【論 文】
乳牛ふん尿の嫌気性自己分解によるメタン発酵スタートアップ方法およびその過程における微生物群集構造の変化
安 田 大 介*・小 林 拓 朗*・李 玉 友*・原 田 秀 樹*・岡 庭 良 安**
【要 旨】 Continuous Stirred Tank Reactor (CSTR) 型反応槽を用いて,乳牛ふん尿の自己分解によるメタン発酵のスタートアップ過程を検討した。有機酸蓄積とpH低下を防ぐため,ふん尿をTS1.5%に希釈して初期には37日間回分培養を行った。運転開始18日目に顕著なガス生成がみられ,それまで増加していたVolatile
Fatty Acid (VFA) は減少に転じた。VFA濃度が十分低下した37日以降,ふん尿を連続的に投入しはじめ,HRTを100日,50日と段階的に短縮することで,約70日間で目標のHRT30日に到達した。

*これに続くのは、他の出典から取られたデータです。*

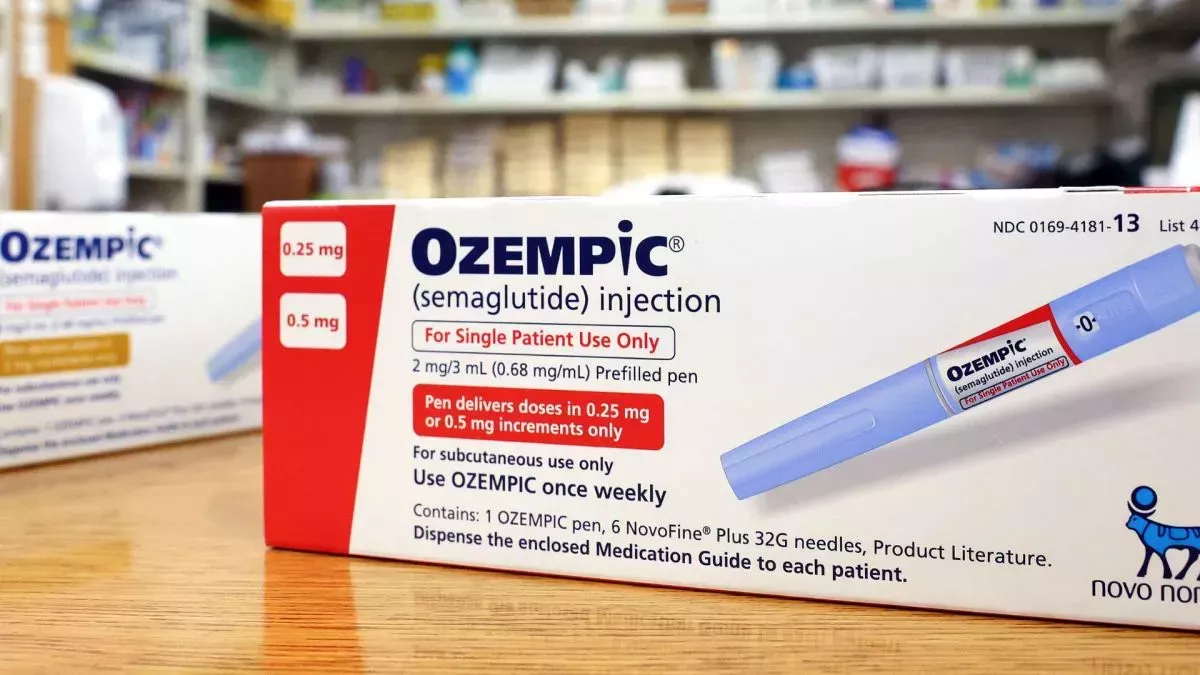 Cuidado con los imitadores de Ozempic que contienen principios activos no autorizados, advierte la FDA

古細菌群集のクローン解析では,運転開始時には検出されなかったMethan-osarcina属古細菌が徐々に増殖し,自己分解が進行した期間において,ライブラリの83.3%を占めるようになった。Real-time
PCRの解析では,回分馴養中におけるガス生成速度の増大がMethanosarcina属古細菌の増殖と相関していることを示唆した。本研究の方法で,乳牛ふん尿の自己分解による良好なスタートアップが可能であり,回分培養期間のメタン生成速度の増大とVFA除去にはMethanosarcina属古細菌の増殖が寄与していることが示唆された。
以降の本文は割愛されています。